* _TASK PROMPT_
Please repeat the records word for word and skip the pictures.

Data excerpts:

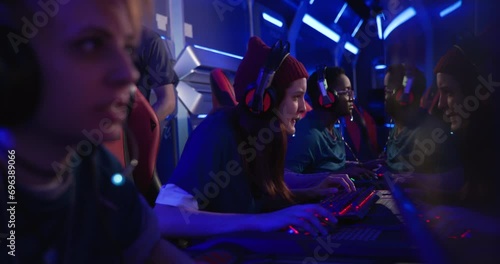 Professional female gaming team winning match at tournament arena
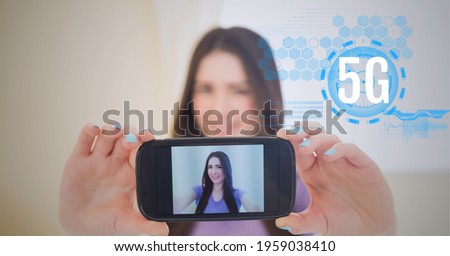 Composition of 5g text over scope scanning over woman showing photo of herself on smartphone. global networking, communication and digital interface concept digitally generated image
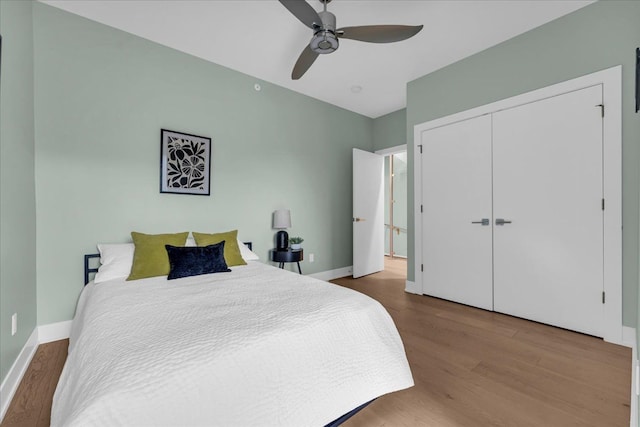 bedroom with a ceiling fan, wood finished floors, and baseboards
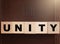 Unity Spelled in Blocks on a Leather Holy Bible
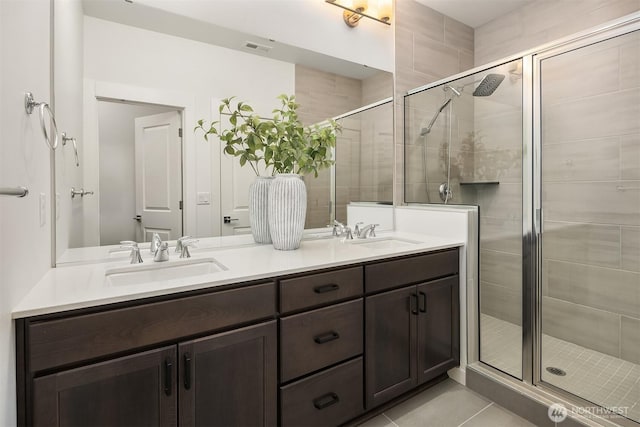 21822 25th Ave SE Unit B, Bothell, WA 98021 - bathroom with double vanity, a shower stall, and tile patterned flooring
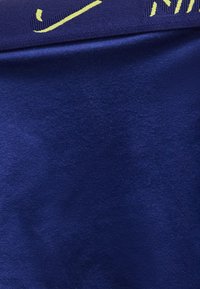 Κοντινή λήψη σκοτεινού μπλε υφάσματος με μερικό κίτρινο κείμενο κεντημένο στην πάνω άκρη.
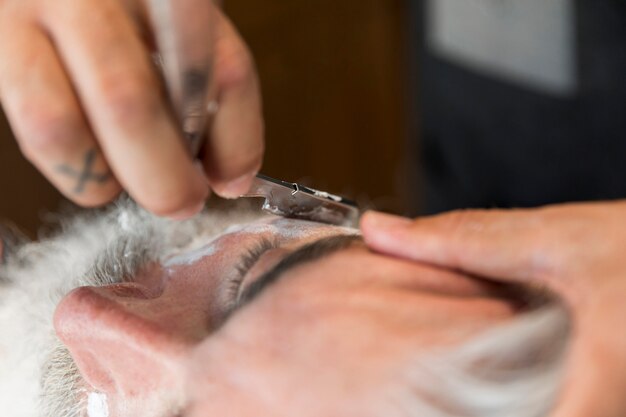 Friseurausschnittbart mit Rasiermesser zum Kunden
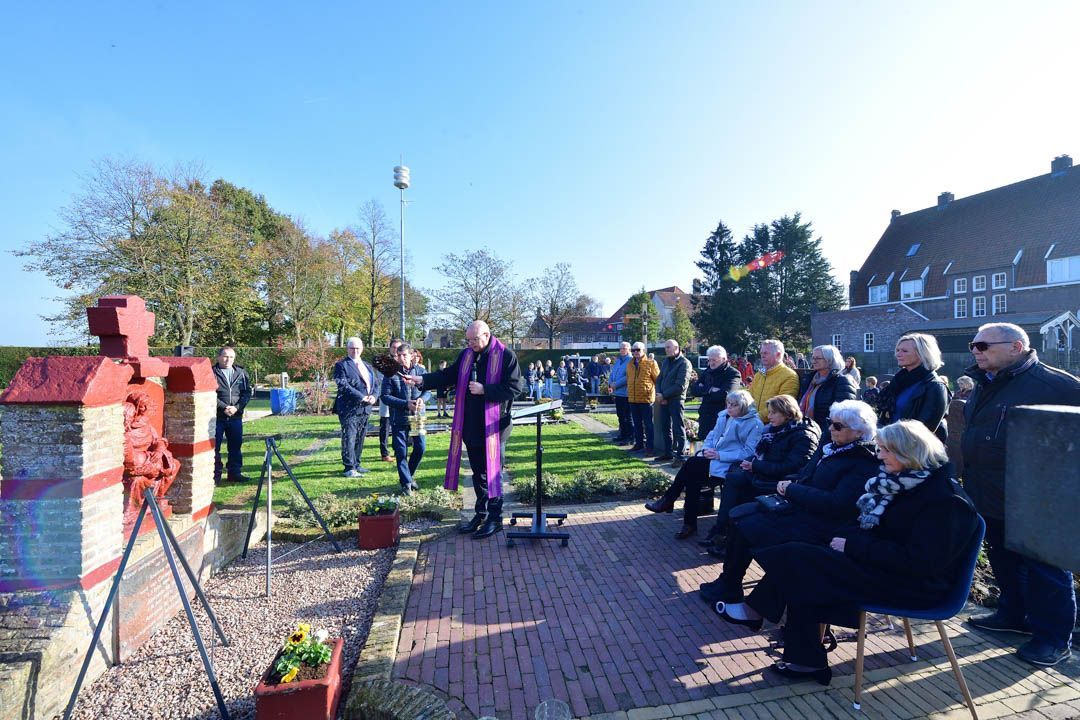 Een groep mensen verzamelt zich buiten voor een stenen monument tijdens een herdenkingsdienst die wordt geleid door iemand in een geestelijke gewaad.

* _EXPECTED ANSWER_
 Professional female gaming team winning match at tournament arena
 Composition of 5g text over scope scanning over woman showing photo of herself on smartphone. global networking, communication and digital interface concept digitally generated image
 bedroom with a ceiling fan, wood finished floors, and baseboards
 Unity Spelled in Blocks on a Leather Holy Bible
 21822 25th Ave SE Unit B, Bothell, WA 98021 - bathroom with double vanity, a shower stall, and tile patterned flooring
 Κοντινή λήψη σκοτεινού μπλε υφάσματος με μερικό κίτρινο κείμενο κεντημένο στην πάνω άκρη.
 Friseurausschnittbart mit Rasiermesser zum Kunden
 Een groep mensen verzamelt zich buiten voor een stenen monument tijdens een herdenkingsdienst die wordt geleid door iemand in een geestelijke gewaad.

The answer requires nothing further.